(Given data Opens)

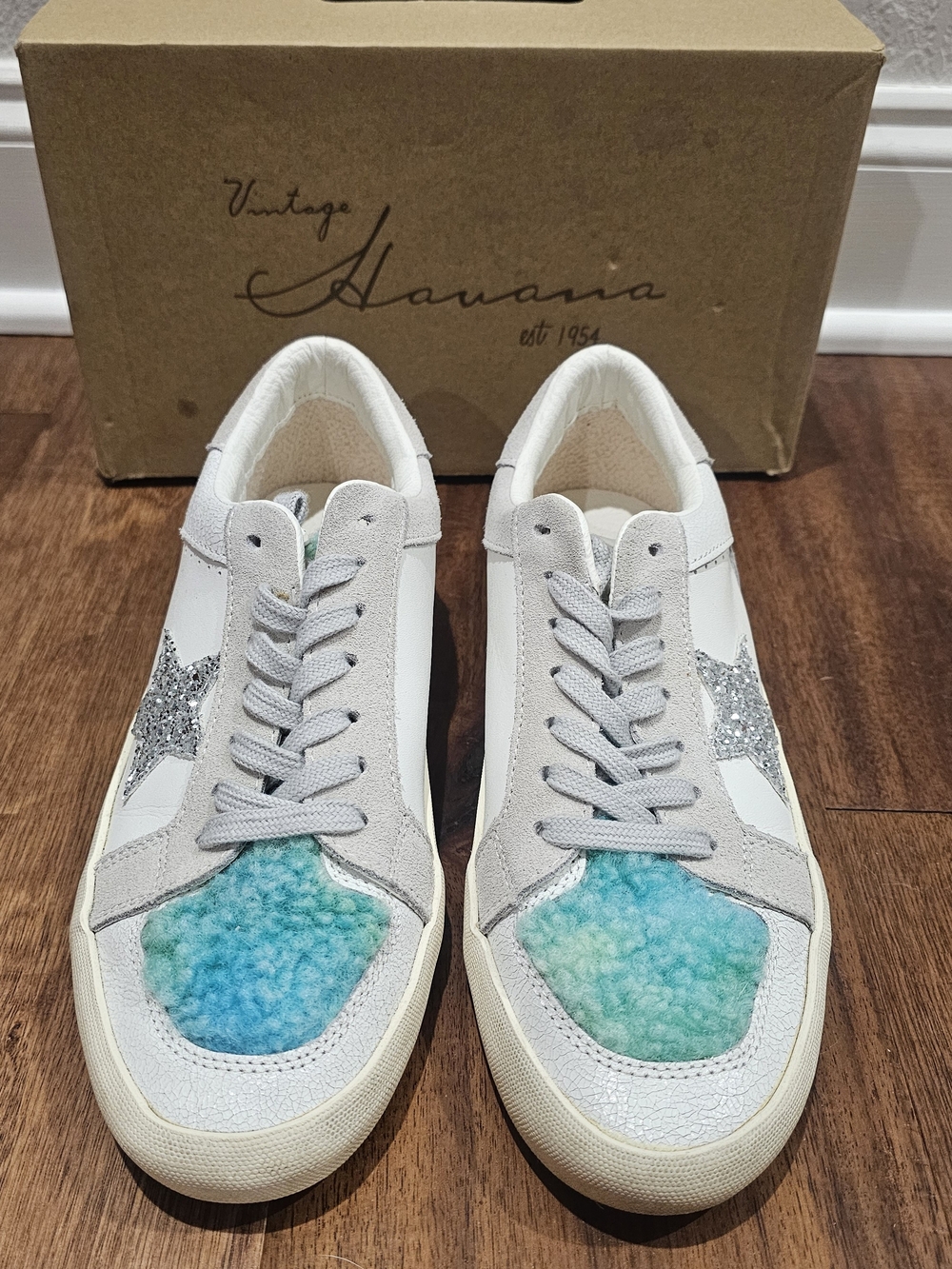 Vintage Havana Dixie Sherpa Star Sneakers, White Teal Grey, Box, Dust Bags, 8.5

(Given data Closes)
(Given data Opens)

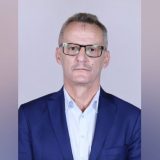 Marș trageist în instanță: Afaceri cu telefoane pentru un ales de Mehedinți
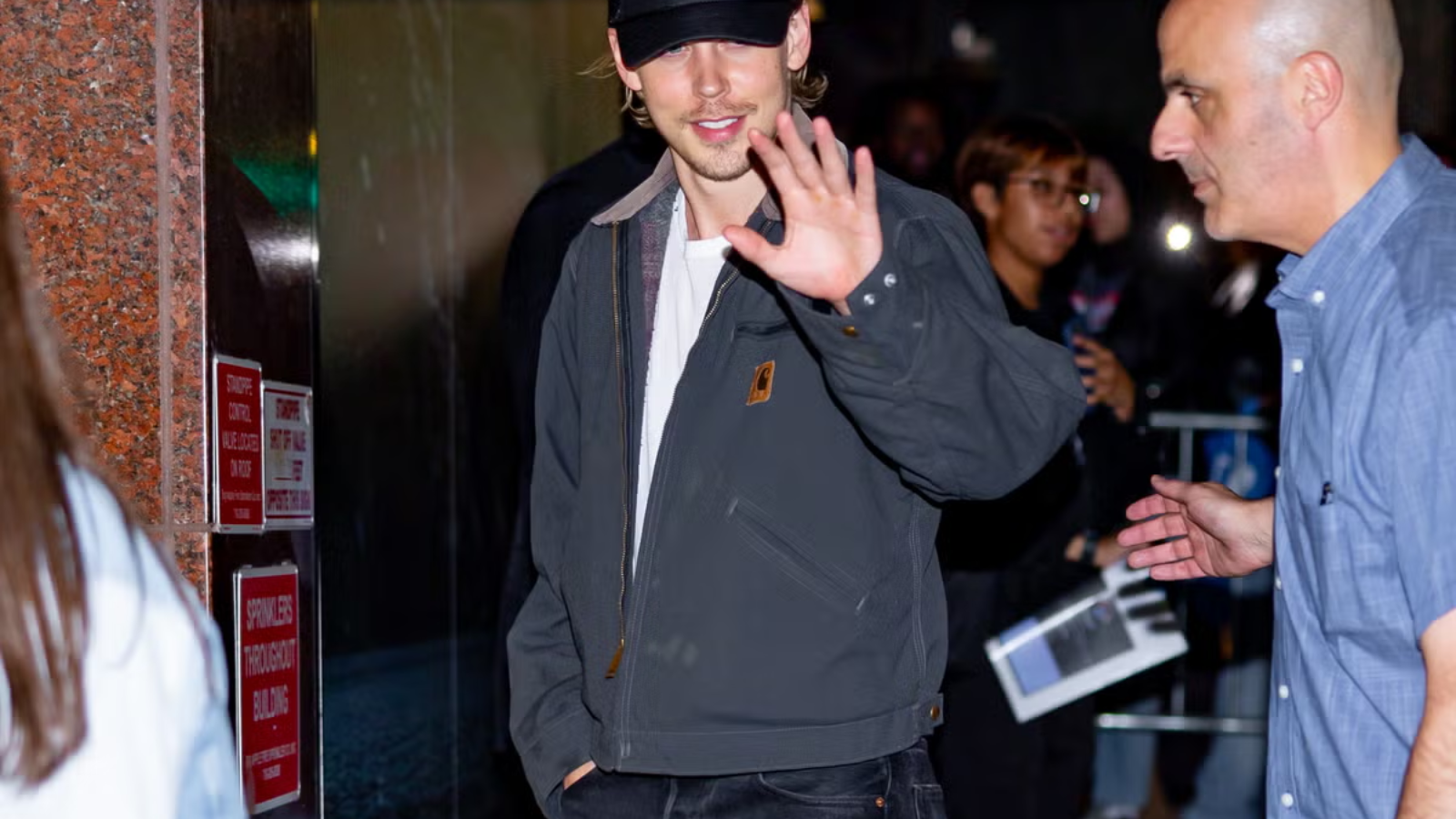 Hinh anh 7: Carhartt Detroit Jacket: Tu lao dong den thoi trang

(Given data Closes)

Task statement:
Transcribe, word for word, the lines of the listing above from the one that contains "Marș trageist în" through the one that contains "Hinh anh 7: Carhartt", keeping both ends and dropping the pictures.

Final answer:
 Marș trageist în instanță: Afaceri cu telefoane pentru un ales de Mehedinți
 Hinh anh 7: Carhartt Detroit Jacket: Tu lao dong den thoi trang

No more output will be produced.